Rebsamen conseille aussi à sa candidate de ne pas défendre les 1500 euros (il ne sait pas si c’est en net ou en brut, ni quand... ni pour qui, il croit que ca fait peur aux salariés qui craignent que leurs patrons ne soit obligés de fermer... argument de l’UMP...)

A part ça, Rebsamen pense qu’une élection présidentielle se gagne sur quelques mesures sociales phares... « deux trois idées fortes » (p.136) mais il ne dit jamais lesquelles. Il a oublié que Jospin avait gagné entre le 27 avril 1997 et le 1er juin sur « les 35 h sans perte de salaire ».

Et puis quand on fait l’inventaire du livre, le directeur de campagne est pour tout ce qu’il y a de pire dans ce qu’a dit la candidate :

Il est contre abroger toutes les mesures de la droite (bien que, page 150, il décrit la droite comme abrogeant tout ce que fait la gauche, en 1986, 1993, 2002...)

Il polémique avec François Hollande à cause de son article sur les impôts en janvier, mais il est incapable de dénoncer la droite qui « s’attaque aux impôts justes et maintient les impôts injustes ». D’ailleurs la candidat ne dira jamais rien sur la révolution fiscale nécessaire.

Il couvre la candidate sur les profs à 35 h, sur la carte scolaire, sur l’encadrement militaire pour les jeunes dans des centres fermés, il va même jusqu’à proposer lui-même d’enfermer 40 à 50 000 jeunes, au passage (il a y déjà 10 000 prisonniers de plus avec Sarkozy, rappelons qu’au total cela fait 61 000, lui Rebsamen propose d’enfermer le double de la population et dans la jeunesse ! )

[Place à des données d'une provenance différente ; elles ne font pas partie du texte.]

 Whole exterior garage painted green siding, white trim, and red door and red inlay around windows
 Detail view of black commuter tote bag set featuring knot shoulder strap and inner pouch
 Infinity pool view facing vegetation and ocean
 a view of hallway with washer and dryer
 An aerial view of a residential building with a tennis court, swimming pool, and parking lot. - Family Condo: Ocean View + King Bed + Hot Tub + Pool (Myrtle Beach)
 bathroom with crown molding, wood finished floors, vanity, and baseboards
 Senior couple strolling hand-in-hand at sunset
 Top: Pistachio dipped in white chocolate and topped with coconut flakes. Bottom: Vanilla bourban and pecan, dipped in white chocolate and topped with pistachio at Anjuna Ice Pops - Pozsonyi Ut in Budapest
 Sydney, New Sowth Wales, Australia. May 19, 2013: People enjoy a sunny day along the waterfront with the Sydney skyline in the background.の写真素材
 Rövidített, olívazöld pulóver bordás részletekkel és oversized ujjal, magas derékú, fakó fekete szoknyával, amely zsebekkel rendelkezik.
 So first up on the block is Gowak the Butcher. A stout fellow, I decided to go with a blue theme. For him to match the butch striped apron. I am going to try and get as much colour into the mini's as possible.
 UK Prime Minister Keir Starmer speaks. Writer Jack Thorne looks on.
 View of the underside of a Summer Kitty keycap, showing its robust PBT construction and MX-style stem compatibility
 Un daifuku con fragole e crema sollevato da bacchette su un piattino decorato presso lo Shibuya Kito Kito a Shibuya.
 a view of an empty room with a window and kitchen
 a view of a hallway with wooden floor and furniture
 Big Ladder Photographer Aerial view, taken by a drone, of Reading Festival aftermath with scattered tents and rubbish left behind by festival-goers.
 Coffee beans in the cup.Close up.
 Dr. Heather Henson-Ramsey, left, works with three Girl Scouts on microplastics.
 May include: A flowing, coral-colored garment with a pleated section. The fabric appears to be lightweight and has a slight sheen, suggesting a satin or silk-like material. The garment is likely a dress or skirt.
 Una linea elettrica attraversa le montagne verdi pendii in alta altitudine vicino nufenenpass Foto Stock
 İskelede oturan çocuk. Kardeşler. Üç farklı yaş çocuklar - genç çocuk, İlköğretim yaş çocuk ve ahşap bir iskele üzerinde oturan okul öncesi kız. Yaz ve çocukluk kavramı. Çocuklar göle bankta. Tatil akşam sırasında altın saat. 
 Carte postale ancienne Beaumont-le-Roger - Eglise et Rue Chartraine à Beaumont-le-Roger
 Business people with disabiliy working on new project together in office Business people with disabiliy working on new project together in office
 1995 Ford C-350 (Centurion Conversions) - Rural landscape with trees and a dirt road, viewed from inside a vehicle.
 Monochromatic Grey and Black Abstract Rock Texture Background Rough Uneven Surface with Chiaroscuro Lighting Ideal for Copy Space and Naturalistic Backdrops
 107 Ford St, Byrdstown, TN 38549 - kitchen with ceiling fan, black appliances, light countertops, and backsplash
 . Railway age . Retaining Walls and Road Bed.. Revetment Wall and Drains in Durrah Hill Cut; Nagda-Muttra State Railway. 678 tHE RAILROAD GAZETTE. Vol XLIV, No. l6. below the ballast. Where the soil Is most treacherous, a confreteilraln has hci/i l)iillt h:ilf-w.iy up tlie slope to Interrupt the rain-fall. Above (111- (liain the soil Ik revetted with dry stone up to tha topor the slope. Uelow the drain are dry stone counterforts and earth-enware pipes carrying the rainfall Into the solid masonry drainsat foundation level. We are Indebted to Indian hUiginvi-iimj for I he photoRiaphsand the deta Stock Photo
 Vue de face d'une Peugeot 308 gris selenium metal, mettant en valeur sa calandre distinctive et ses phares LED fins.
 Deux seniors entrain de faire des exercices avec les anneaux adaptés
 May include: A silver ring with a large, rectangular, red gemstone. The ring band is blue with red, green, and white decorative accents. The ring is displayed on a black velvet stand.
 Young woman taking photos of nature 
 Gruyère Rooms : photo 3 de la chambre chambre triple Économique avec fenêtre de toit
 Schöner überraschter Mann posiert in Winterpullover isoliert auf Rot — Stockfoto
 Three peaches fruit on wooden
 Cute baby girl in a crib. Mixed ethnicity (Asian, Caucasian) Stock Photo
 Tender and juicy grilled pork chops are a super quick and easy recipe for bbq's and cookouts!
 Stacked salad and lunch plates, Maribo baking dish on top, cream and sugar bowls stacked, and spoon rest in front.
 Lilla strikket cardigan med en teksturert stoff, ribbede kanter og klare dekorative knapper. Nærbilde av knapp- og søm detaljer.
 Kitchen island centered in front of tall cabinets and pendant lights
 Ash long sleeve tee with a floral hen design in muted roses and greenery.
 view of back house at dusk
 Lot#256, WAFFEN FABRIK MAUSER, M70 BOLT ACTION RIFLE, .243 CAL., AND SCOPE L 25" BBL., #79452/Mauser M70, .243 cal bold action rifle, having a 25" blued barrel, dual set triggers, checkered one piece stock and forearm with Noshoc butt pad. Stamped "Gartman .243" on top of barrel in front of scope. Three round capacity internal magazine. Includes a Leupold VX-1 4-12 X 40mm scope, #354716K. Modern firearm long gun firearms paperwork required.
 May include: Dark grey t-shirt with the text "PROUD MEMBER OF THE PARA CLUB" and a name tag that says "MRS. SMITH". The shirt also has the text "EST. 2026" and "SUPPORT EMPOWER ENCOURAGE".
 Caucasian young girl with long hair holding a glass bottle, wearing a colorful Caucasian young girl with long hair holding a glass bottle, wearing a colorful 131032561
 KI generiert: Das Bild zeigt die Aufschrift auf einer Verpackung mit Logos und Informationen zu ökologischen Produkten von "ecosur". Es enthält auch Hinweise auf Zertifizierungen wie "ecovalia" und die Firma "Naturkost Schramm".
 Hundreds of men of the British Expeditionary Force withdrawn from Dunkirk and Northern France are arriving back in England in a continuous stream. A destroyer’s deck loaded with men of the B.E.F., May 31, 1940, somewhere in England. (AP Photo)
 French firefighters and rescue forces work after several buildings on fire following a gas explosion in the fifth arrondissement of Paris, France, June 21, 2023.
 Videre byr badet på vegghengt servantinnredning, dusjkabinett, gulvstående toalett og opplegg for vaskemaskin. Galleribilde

Avec un directeur de campagne aussi « gauche » (il condamne le PC, Emmannuelli, l’extréme gauche, il ne dit pas un mot sur les syndicats, etc.) Ségolène Royal n’avait pas de souci a se faire, elle était sûre du côté ou elle allait tomber...(Protége moi des éléphants, j’écoute celui qui m’est le plus proche..)

Il y a chez Rebsamen un ton d’évidence révisionniste sur la société française, sur le salariat, sur les droits sociaux, qui offre en guise de « refondation, rénovation, reconstruction, etc. » un horizon désert et morne.

Si les socialistes le suivent, ils sont « morts » en effet, même sans changer de nom. Il ne rate aucun cliché dans son livre, y compris sur "l’individualisme" (p 152) , le « donnant-donnant, l’assistanat. Il est évidemment pour l’alliance avec le centre UDF, et pousse même la candidate à aller plus loin que ce qu’elle propose à Bayrou (Premier ministre).

Il raye la gauche d’un chiffre : 38 %. Comme si...

Il ne parle que par la loi des sondages pour écarter Laurent Fabius, et l’accuse de « gauchisme » parce qu’il était pour le « non » (55 % de gauchisme en France le 29 mai ? Non, il y a eu 75 % de la gauche, 59 % de l’électorat socialiste, 75 % des ouvriers et 63 % des employés, des jeunes, de toutes les catégories sauf le haut des cadres).

Il tacle Jospin et Fabius chaque fois qu’il peut, il est contre la proportionnelle dans le parti, il voulait plus de sanction contre Fabius et Melenchon, il méprise les petits courants de pensée, etc.

Ah ! détail, page 125, il y a un passage ambigu ou l’on se demande si cela n’a pas été une mauvaise chose que l’on ait gagné contre le CPE de janvier à mars 2007 (car cela a éliminé Villepin et la division de la droite...) (Menucci écrit a peu prés la même chose, p. 75 de son livre « ma candidate » chez Albin Michel, « lors de la crise du CPE, la gauche a rendu un vrai service à Sarkozy » (sic).

Jamais Rebsamen ne mentionne les grands mouvements pour les retraites de 2003 : il mentionne que le Ps remporte de grandes victoire électorales en mars et juin 2004 mais semble ne pas comprendre que cela vient du rejet de la loi Fillon.

Ouf, on espère que le livre de Jean-Louis Bianco s’il en ecrit un, nous indiquera que les deux directeurs de campagne ne tiraient pas à 100 % la candidate dans le mauvais sens. Parce que si la plupart des livres, mettent sur le compte des « éléphants » et du « projet » l’échec de Ségolène Royal, là on a une source plus proche, plus authentique encore des causes politiques de l’échec : François Rebsamen.